My wife once asked me what I found so compelling about baseball and here’s the gist of what I said: if there was a movie that would have you crushingly depressed, followed by so much joy you wanted to hug strangers, loaded with incredible physical stunts and filled with tension because you weren’t sure of the ending, everyone would want to see that movie.
And that’s what a good ballgame is like.
If your team bad you’re still going to see about 70 wins a year; if your team’s good you’ll see about 70 losses. Being a baseball fan requires an even keel: just like the players, you can’t get too up or too down. But even in the middle of a losing season, there are great games and wonderful plays—and nothing beats watching it live. If you hear Jeff Francoeur made a great throw, sure, you can go see the play on the internet; but when you’re in the stadium and a base runner makes the turn and heads for the next base and Frenchy launches the ball with his hat flying and the place going crazy—at that moment you don’t know what’s going to happen next. And that’s what makes it fun; it’s why I go to the ballpark. Seeing it later isn’t the same: you know Jeff made the throw or you wouldn’t be looking up the video.
It’s moments like that: a Francoeur throw, watching Alex Gordon turn a sure double into a single with quiet competence, seeing Billy Butler hit a game-winner, watching Chris Getz dance through a take-out slide and come out the other side alive to complete a double play or James Shields get mad and strike someone out with the bases loaded—those are the moments that make watching the Royals worthwhile.

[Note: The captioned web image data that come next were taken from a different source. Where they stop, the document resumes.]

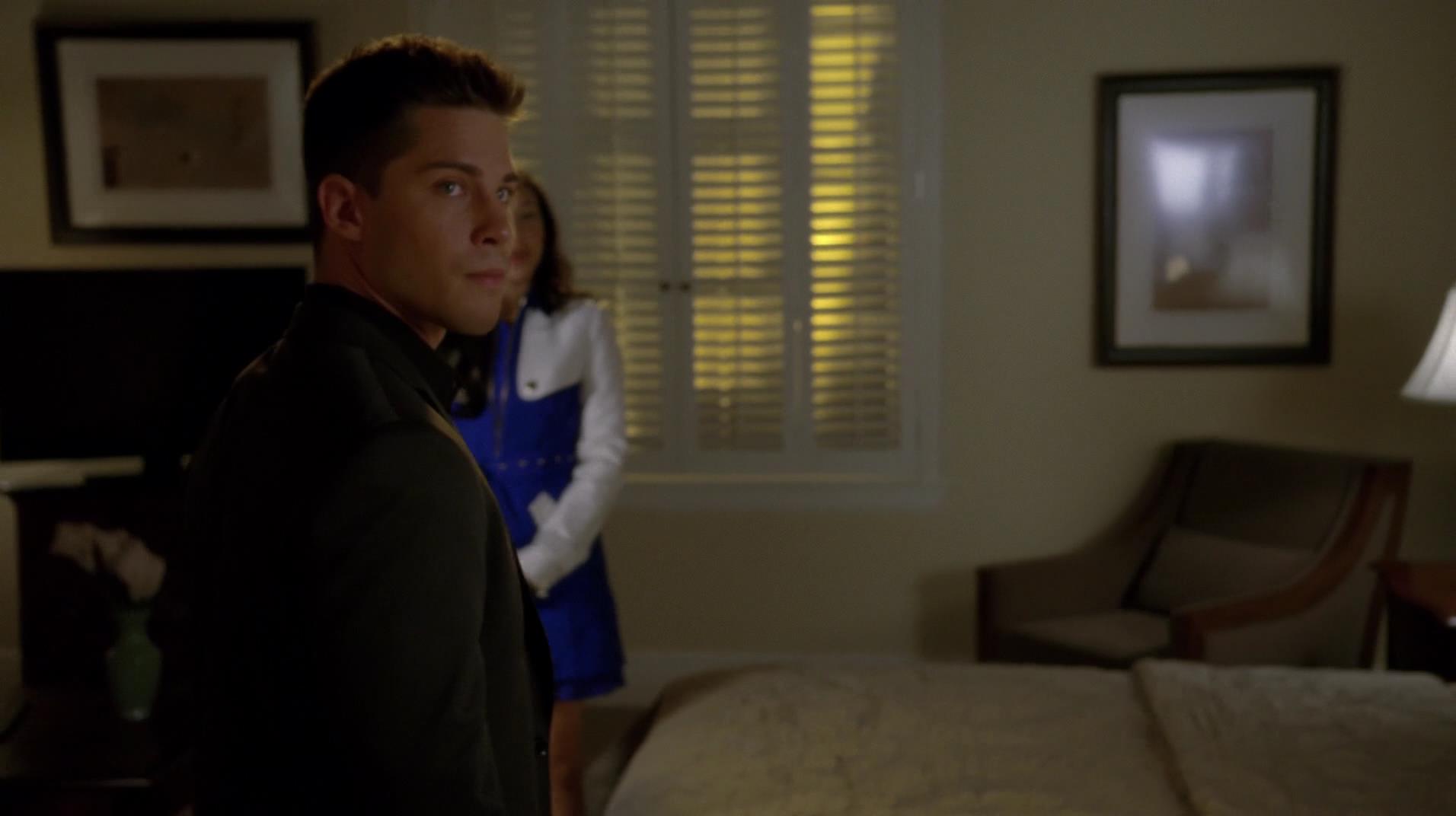 Glee_0964.jpg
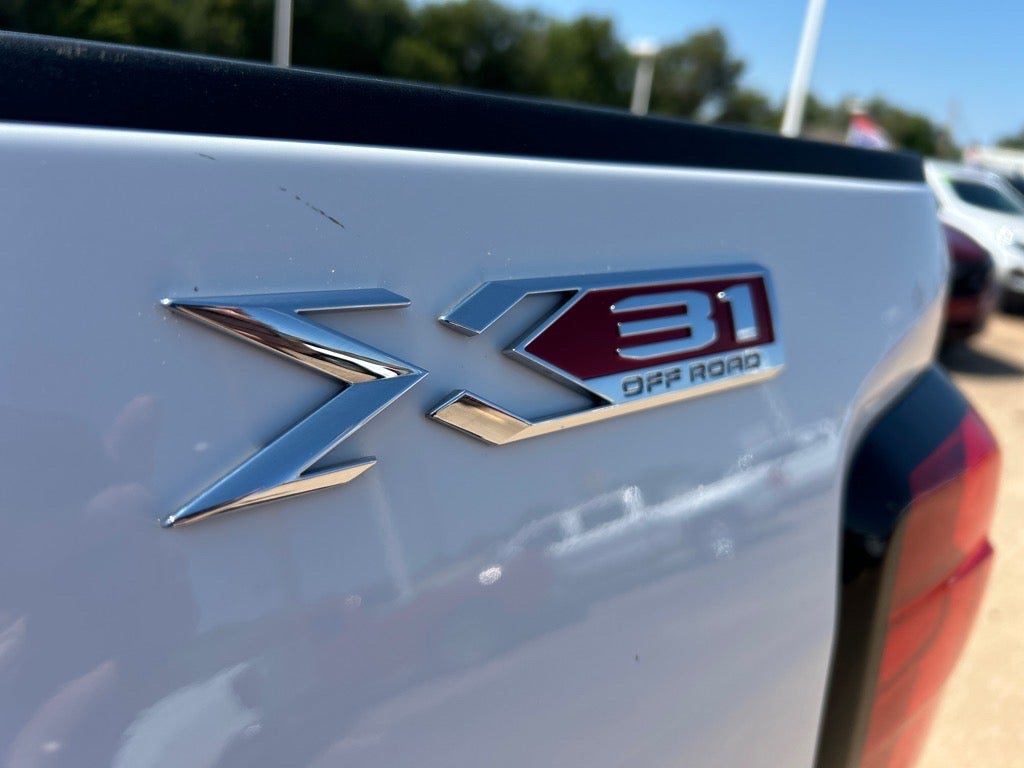 2024 GMC Sierra 2500 HD Pro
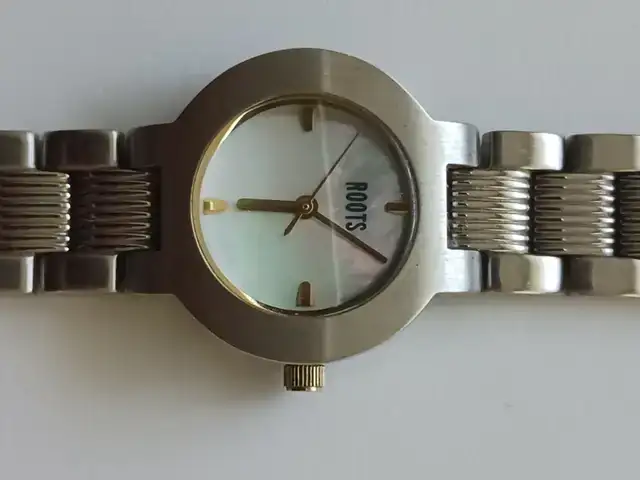 Roots Women's Wrist Watch R364X-Mother Of Pearl/30M Water Resist - photo 3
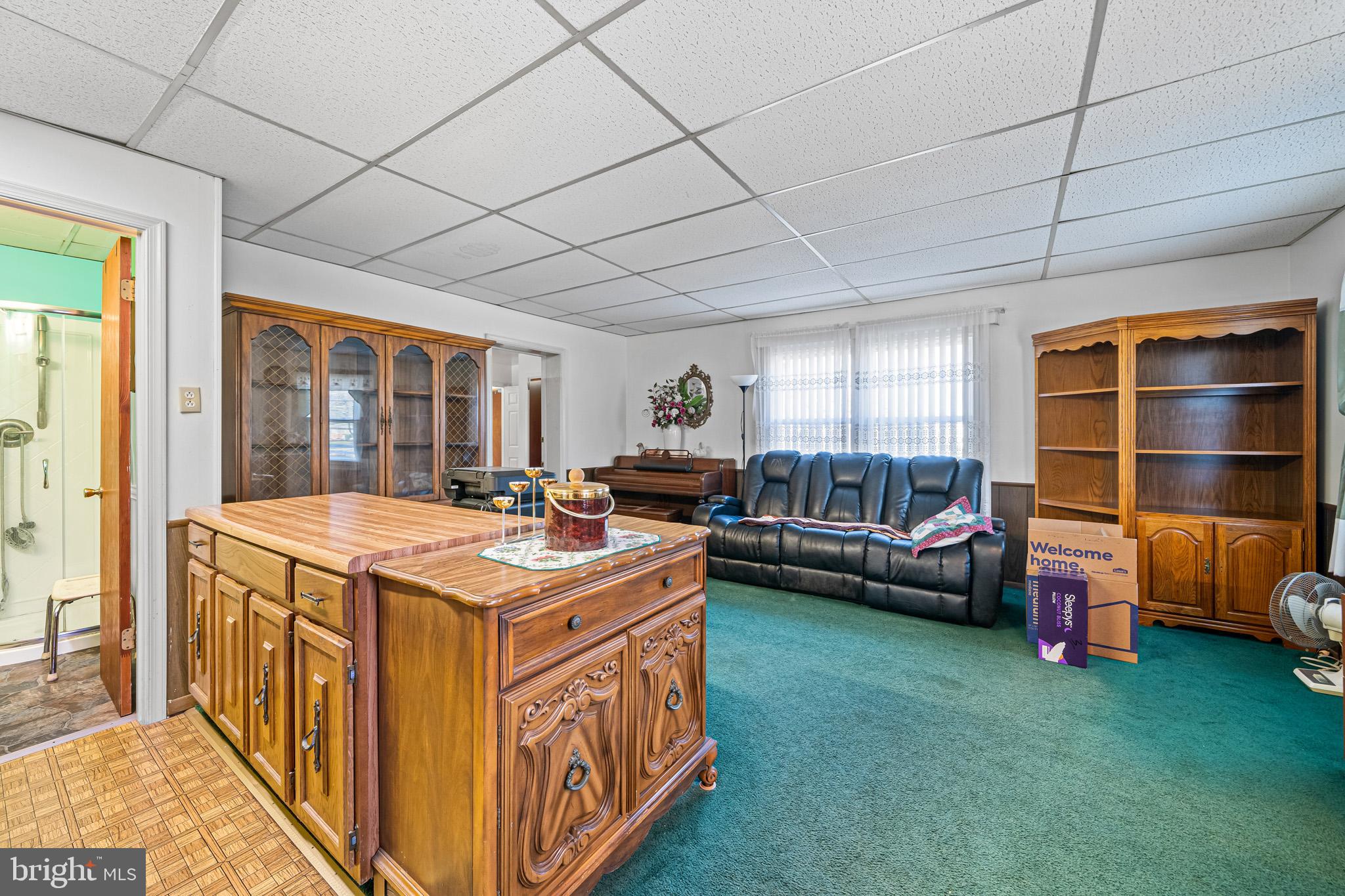 WARRLINDA VILLAGE - Residential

I moved to Kansas City in 1981 and have been following the Royals ever since. When they won the World Series in ’85 I was sitting about twenty rows behind the third-base dugout. Heck, after Game Six I was so excited I left my house and went to a random bar just to find someone to talk to—I couldn’t stand to sit by myself; I needed to talk about the game.
Obviously it’s been a long drought since then, but I don’t see it as wasted time; the Royals have provided me with thousands of hours of entertainment since 1985. Even if it’s talking about how bad they are it unites people—our team stinks, let’s share that sentiment. Let’s talk about it and figure out who to blame and what should be done next. It’s what holds Cubs fans together and makes them a community. If the only reason to watch baseball is to see your team win, why do Chicago Cubs fans even exist? The amount of time invested in a team’s fortunes probably has some relationship to the satisfaction felt when the team finally makes it to the top; just ask Boston Red Sox fans. A fan who invested a couple decades in the Sox probably had a much different experience than the fans who started showing up with the Red Sox started winning.
If Kansas City ever goes to the playoffs again, or wins a league championship or gets to hold another World Series trophy, I plan on being there.
And it won’t be just because it’s my job—I’m a baseball fan.